As with teens, screening in younger women has not been shown to reduce the rate of cervical cancer. For example, in a population based case-control study in the United Kingdom, investigators found that cervical screening in women aged 20–24 had no detectable impact on rates of cervical cancer at ages 25–29 (28). Reasons for why screening appears to be ineffective in young women include the presence of cancers in this age group that are less detectable by current screening methods or are more aggressive and therefore more likely to arise during screening intervals (29). In the analysis by Benard discussed previously, a larger proportion of non-carcinomas were detected among the youngest age groups.
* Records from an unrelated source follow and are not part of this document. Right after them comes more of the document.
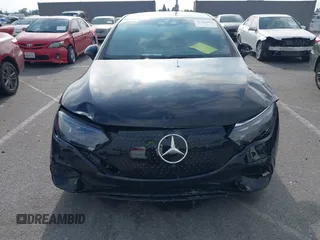 2024 Mercedes-Benz EQE 500 z VIN W1KEG2CB9RF047151, wystawiony jako IAAI lot #42405004 z przebiegiem 17 182 mil mil oraz . Historia ofert i sprzedaży dostępna na DreamBid. Obrazek 12.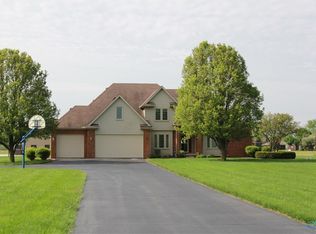 7600 Brown Rd, Curtice, OH 43412
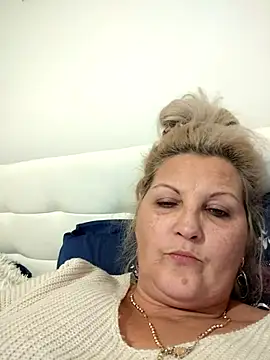 Divineblond online show from 11.28.25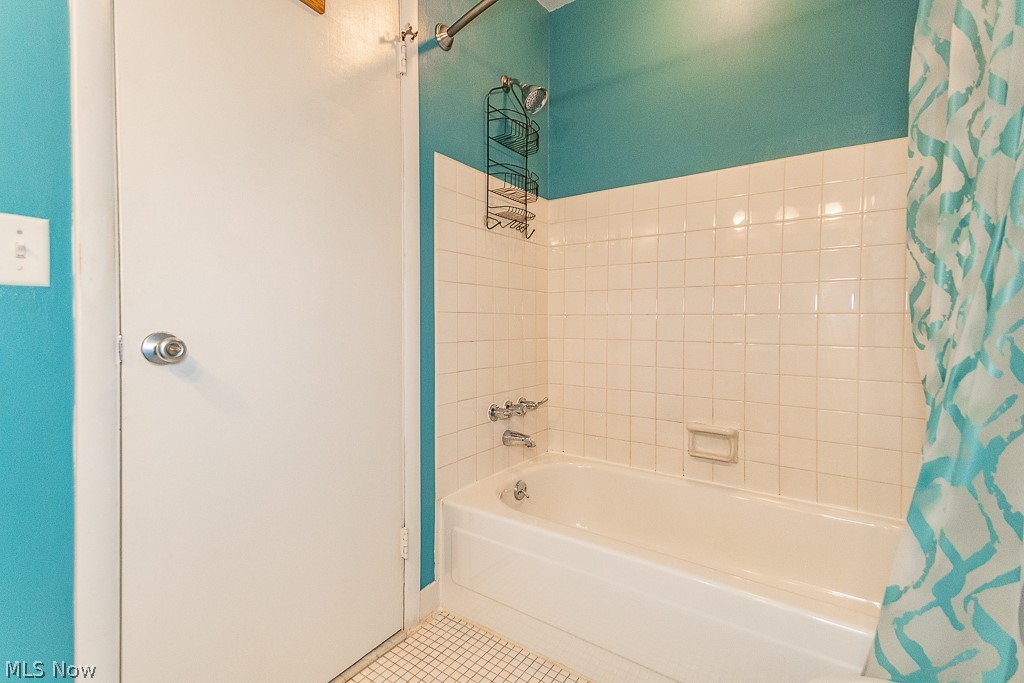 6813 Colonial Drive Mentor OH 44060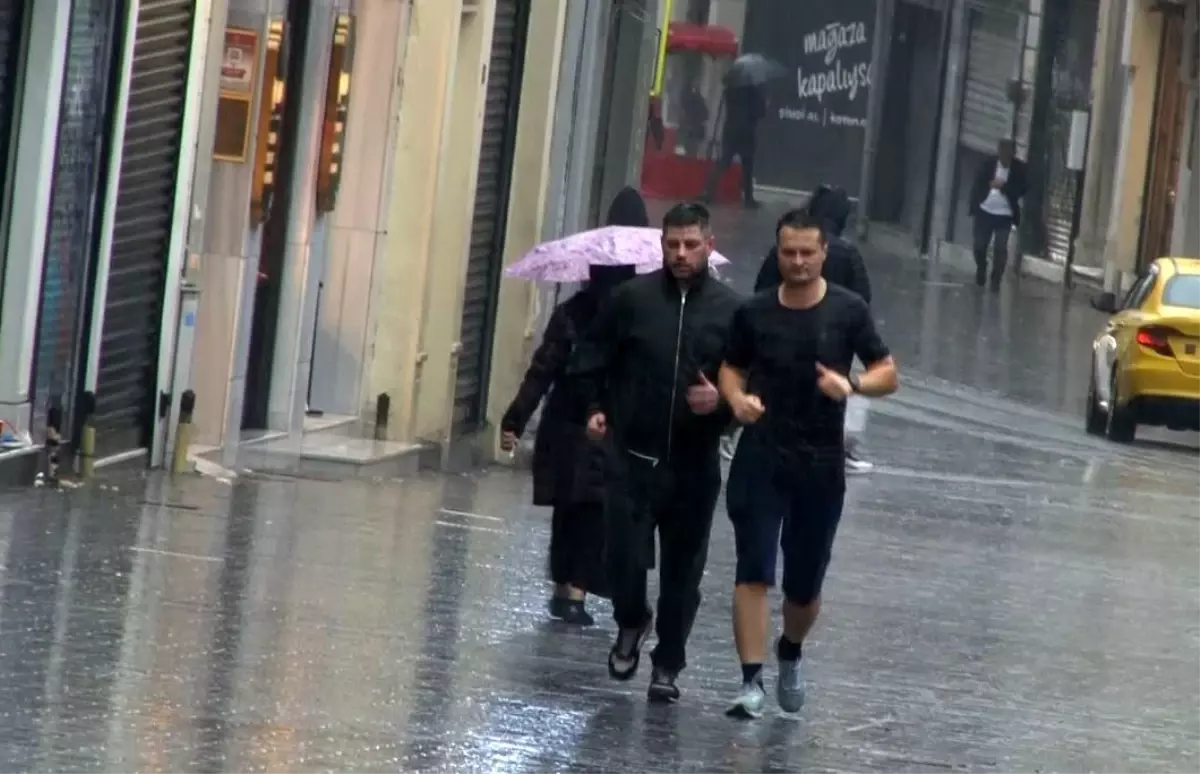 istanbulda saganak yagis zor anlar yasatti PK8BtPYs.jpg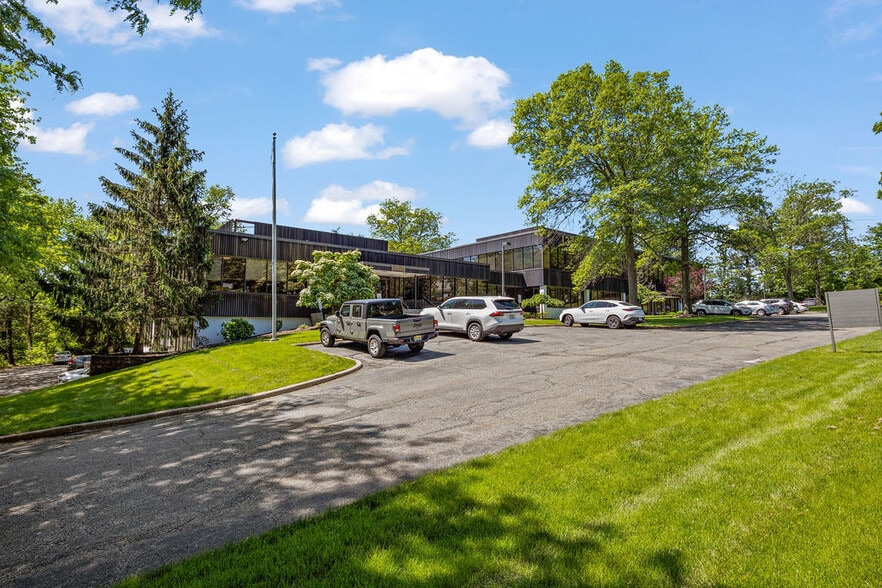 136 Summit Ave, Montvale, NJ for lease - Building Photo - Image 2 of 23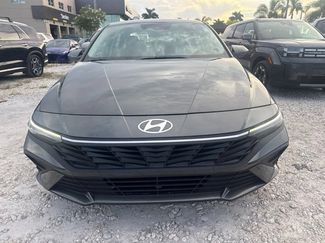 Used 2025 Hyundai Elantra SE FWD video 2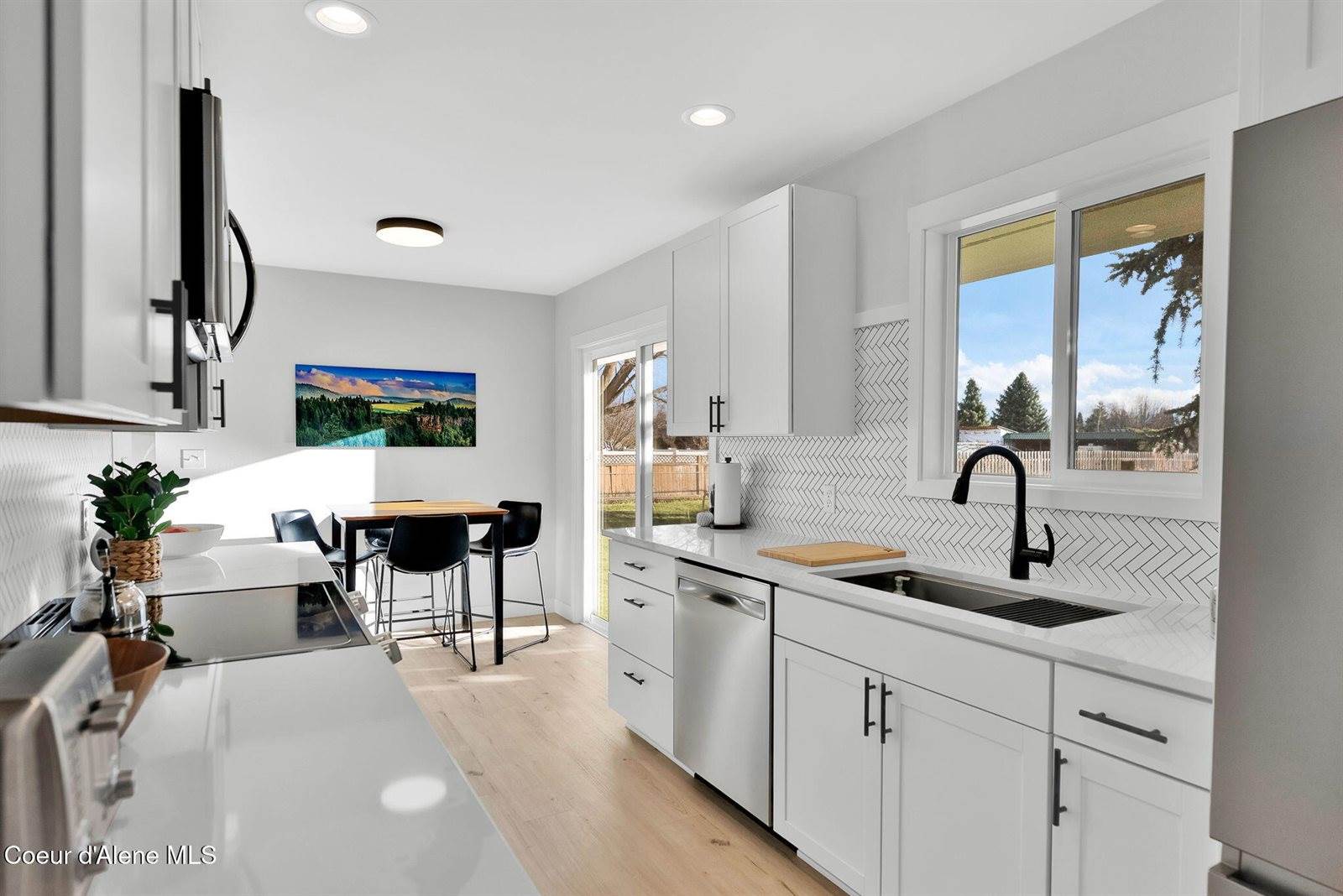 1810 West Honeysuckle Ave, Hayden, ID 83835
These non-carcinomas were often childhood cancers (e.g., embryonal rhabdomyosarcoma) that would not have been detected through cervical cancer screening (7).

Recommendation

As some younger women will continue to be screened, it is reasonable to follow the 2006 Consensus Guidelines for the management of adolescents with abnormal cervical screening tests.

Rationale and Evidence

Although providers often continue to screen and treat younger women (30, 31), recent evidence from the Behavioral Risk Factor Surveillance System (BRFSS) does point to both less frequent screening initiation and screening frequency in women under the age of 21. In 2010, 52.5% of young women aged 18–21 years reported having been screened (compared to73.7% in 2000) and 41.5% reported having had a Pap test in the past 12 months (compared to 65% in 2000). Early adoption of the 2009 cervical cancer screening guidelines or increased awareness of the potential harms of screening were likely associated with these observed changes in screening behaviors (32).

While this evidence is reassuring, over 25% of women under the age of 21 in the BRFSS were still screened in 2010. The consequences of both screening and treating adolescents include not only the emotional effect of telling a teen that she has both a sexually transmitted infection and a potential precancer and the anxiety associated with colposcopy, but also the potential risk of preterm delivery should she be over-treated (5). Evidence that excisional therapy poses long-term obstetrical risks is particularly salient in adolescents, many of whom have not yet begun or completed childbearing. Cervical conization, including loop electrosurgical excision procedures (LEEP), has been shown to increase the risk of pregnancy complications such as preterm premature rupture of the membranes (33) and preterm delivery (34). Treatment with LEEP has been estimated to result in an approximately 2- to 3-fold increased risk of preterm birth (34, 35). Increasing cone depth as well as multiple procedures have both been shown in a number of studies to be associated with a further increase in the risk of preterm delivery (8, 36).

On the other hand, in a recent population-based record linkage study of nearly 175,000 Welsh women, Reilly found that women referred for colposcopy had an increased and similar risk of preterm delivery whether or not they received excisional therapy compared to women with negative cytology (37). Lastly, ablative therapy, often suggested as an alternative to excisional procedures in young or nulliparous women, has also recently been found to be associated with an increase in preterm delivery rates, although the magnitude of this effect was less pronounced (9). While avoiding unnecessary excision or ablation is advisable in young women, the long-accepted association between LEEP and adverse pregnancy outcomes continues to be challenged.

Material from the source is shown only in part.